Universal animal DNA barcodes and mini-barcodes

For 16S, COI and cyt-b the paper used two targets, a long barcode and a shorter mini-barcode. The same names have been used in the run.sh script provided, the output of which is referred to below.

16S - long marker

The 16S primer set output is disappointing at the default abundance threshold, with only a single unique sequence observed - I suspect the long product size is part of the issue, it must be at the upper limit for overlapping MiSeq read pairs?
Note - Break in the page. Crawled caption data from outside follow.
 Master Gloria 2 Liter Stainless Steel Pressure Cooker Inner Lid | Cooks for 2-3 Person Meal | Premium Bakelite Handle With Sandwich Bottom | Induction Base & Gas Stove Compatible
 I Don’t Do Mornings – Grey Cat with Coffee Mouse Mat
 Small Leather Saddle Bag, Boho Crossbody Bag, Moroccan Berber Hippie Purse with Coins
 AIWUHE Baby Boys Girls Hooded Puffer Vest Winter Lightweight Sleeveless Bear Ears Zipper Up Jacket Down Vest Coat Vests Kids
$ grep -v "^#" summary/16S.tally.tsv | cut -f 1,179
16S/1f2b15d58f9f40b862486676809d4744_20189  CACCTCCAGCATTCCCAGTATTGGAGGCATTGCCTGCCCAGTGACAACTGTTTAACGGCCGCGGTATCCTGACCGTGCAAAGGTAGCATAATCATTTGTTCTCTAAATAAGGACTTGTATGAATGGCCGCACGAGGGTTTTACTGTCTCTTACTTCCAATCAGTGAAATTGACCTTCCCGTGAAGAGGCGGGAATGCACAAATAAGACGAGAAGACCCTATGGAGCTTTAACTAACCAACCCAAAGAGAATAGATTTAACCATTAAGGAATAACAACAATCTCCATGAGTTGGTAGTTTCGGTTGGGGTGACCTCGGAGAATAAAAAATCCTCCGAGCGATTTTAAAGACTAGACCCACAAGTCAAATCACTCTATCGCTCATTGATCCAAAAACTTGATCAACGGAACAAGTTACCCTAGGGATAACAGCGCAATCCTATTCAAGAGTCCATATCGACAATAGGGTTTACGACCTCGATGTTGGATCAGGACATCCTGATGGTGCAACCGCTATCAAAGGTTCGTTTGTTCAACGATTAAAGTCCT

This perfectly matches Bos taurus and was found in most but not all of the samples expected - perhaps the default abundance threshold is too high?

Mini-16S - short marker

The output from the Mini-16S marker is far more diverse, with 84 unique sequences:

$ grep -c -v "^#" summary/Mini-16S.tally.tsv
84

The most common is again a perfect match to Bos taurus, which this time has no false negatives (but two false positives?).
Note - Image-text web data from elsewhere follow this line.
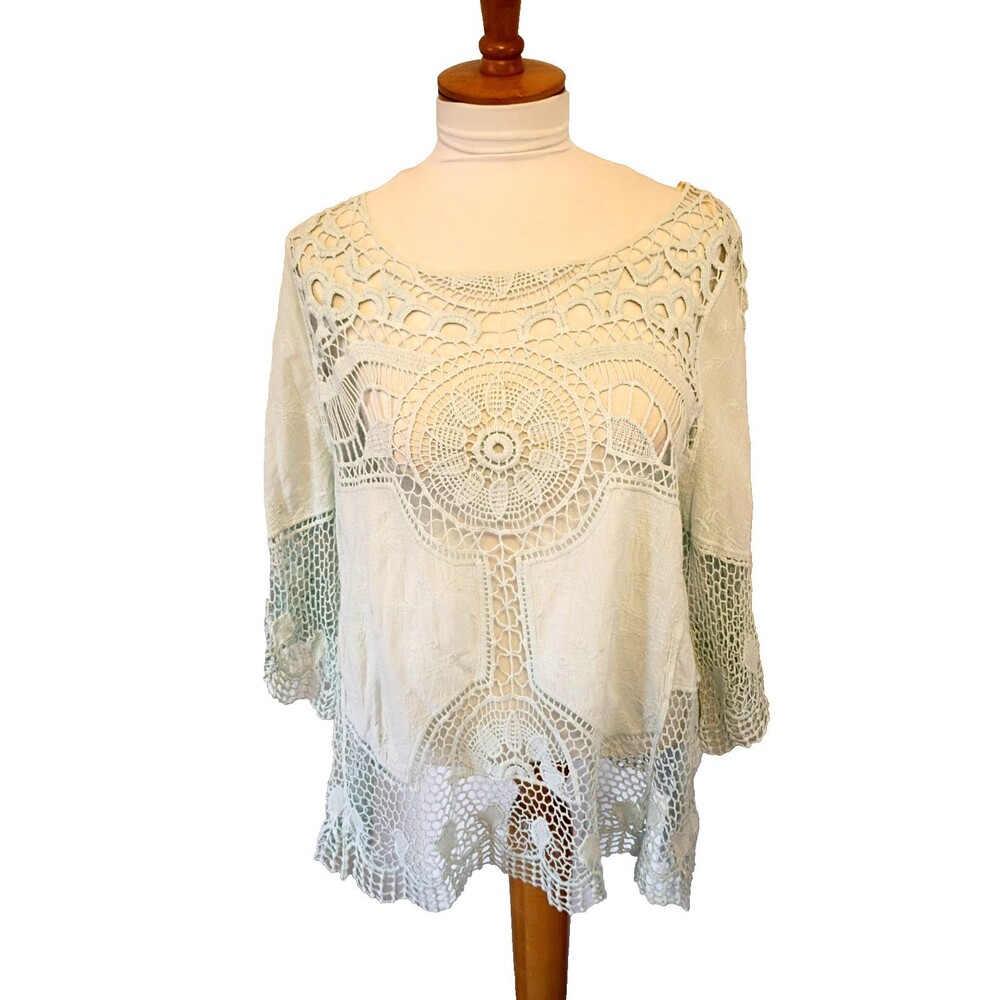 Fairy Core Boho Democracy Light Aqua Crochet  & Gauze Top Size Large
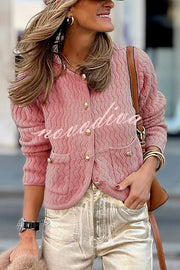 Solid Color V-neck Long-sleeved Loose Pocket Knit Cardigan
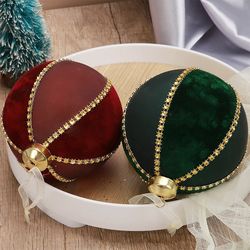 flocked glass christmas balls, rhinestone ornaments, holiday tree hangings, indoor outdoor festive decorations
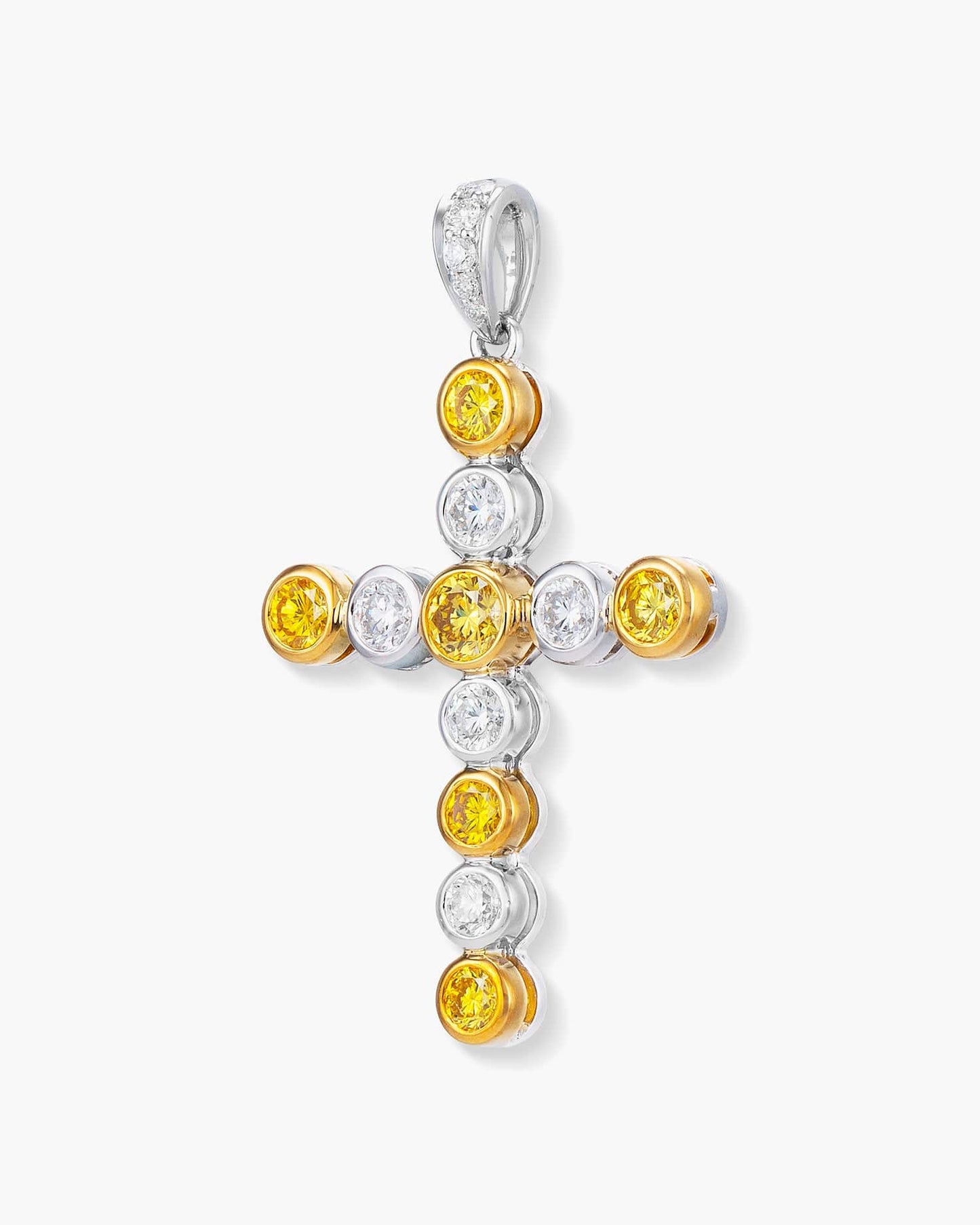 Yellow and White Diamond Cross Pendant Necklace, 1.31 carats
We have all the expected Sus scrofa matches, and some of Gallus gallus and Anguilla anguilla expected in six samples. Crocodylus niloticus is also found but at far lower levels than expected.

We do see Homo sapiens, but happily only in the traditional medicine samples (multiple replicates within S3 and S8). Within those samples, the laboratory 16 replicates S3_Lab_16 and S8_Lab_16 also had Rattus tanezumi and Rattus norvegicus too, respectively.

Overall, again perhaps the default abundance threshold is too high?

COI - long marker

Assuming I understood the paper correctly, this used a pool of four left primers and four right primers. That is not easily handled with THAPBI PICT at the time of writing.

Mini-COI - short marker

The output from the Mini-COI marker is quite diverse, with 22 unique sequences:

$ grep -c -v "^#" summary/Mini-COI.tally.tsv
22

The species matches are all reasonable, it detects all the Pieris brassicae, most of the Bos taurus, Pleuronectes platessa, Sus scrofa, many of the Huso dauricus and Gallus gallus.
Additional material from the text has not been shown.